:: Dataset section

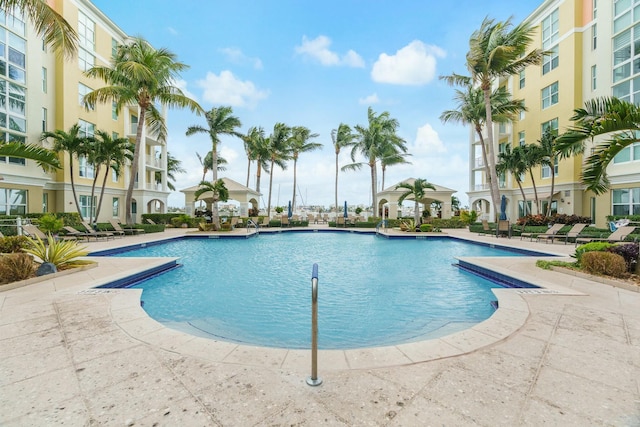 view of swimming pool featuring a patio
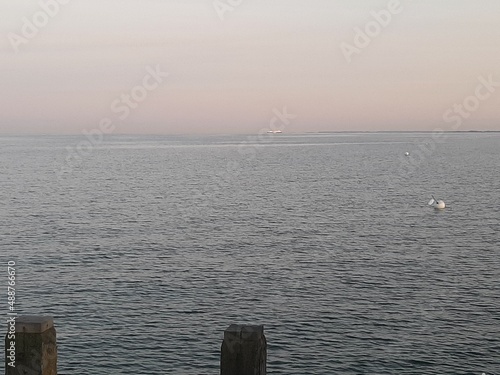 Meer Strand Fauna Ostsee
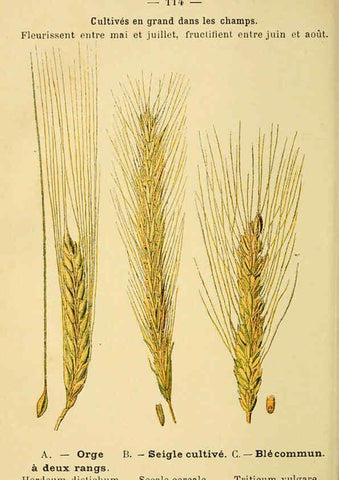 Reproducción/Reproduction 6022595024: Atlas de poche des plantes des champs, des prairies et des bois Paris :P. Klincksieck,[1894]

::::

- [Exercise requirements]: Leaving images out, please output every line of the data exactly.

- [Solution for this problem]:
 view of swimming pool featuring a patio
 Meer Strand Fauna Ostsee
 Reproducción/Reproduction 6022595024: Atlas de poche des plantes des champs, des prairies et des bois Paris :P. Klincksieck,[1894]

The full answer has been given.